Estimate the probability that N random 4-digit pin numbers are all distinct for N=10, 1000, 100

Question

As per title, the question is "estimate the probability that N random 4-digit pin numbers are all distinct for N=10, 1000, 100".

My current working is as follows:

There are $10^{4}$ total 0-10 4 digit combinations. For N pin numbers, this means a total of $10000^{N}$ total possibilities.

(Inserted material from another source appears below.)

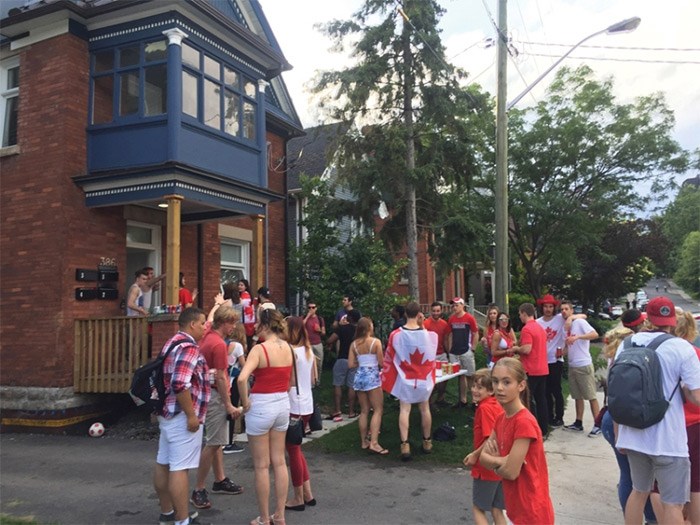  A member of Joan Gibbs' family took a photo of the beer pong festivities and crowd of partying students that greeted them when they returned to their Airbnb accommodation in Ottawa on Canada Day. photo supplied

Next, for all pin numbers to be unique, you are essentially sampling without replacement, meaning for the first pin you have $10000$ possibilities, $10000 - 1$ for the second, etc, giving:

\begin{equation} \frac{10000 \cdot (10000-1) \cdot (10000-2) ...(10000-N+1)}{10000^{N}} \end{equation}

Does this seem sensible? The next step of possibly working this out by hand I am a bit lost on though. Any help is appreciated!

Answer 1

Recall that numerator is $\frac{10000!}{(10000 - N)!}$. As stated by @InterstellarProbe, you can apply the stirling approximation to the denominator and continue from there. Stirling formula

Answer 2

Yes, that's correct so far. So now the difficulty is estimating the numerator, namely the three products $10000 \cdots 9991$, $10000 \cdots 9901$, $10000 \cdots 9001$. In other words, you're looking for $10000!/9990!, 10000!/9900!, 10000!/9000!$.

Factorials can be approximated using some variant of Stirling's approximation.

Alternatively, if you don't want to use that, you can still get the rough order of magnitude of your values by using the fact that the product of a set of $k$ numbers is equal to the $k$-th power of its geometric mean, and in these cases the geometric mean is very close to the arithmetic mean, so you can just take the $k$-th power of the arithmetic mean as an approximation, and it will still fall within an order of magnitude of the actual value.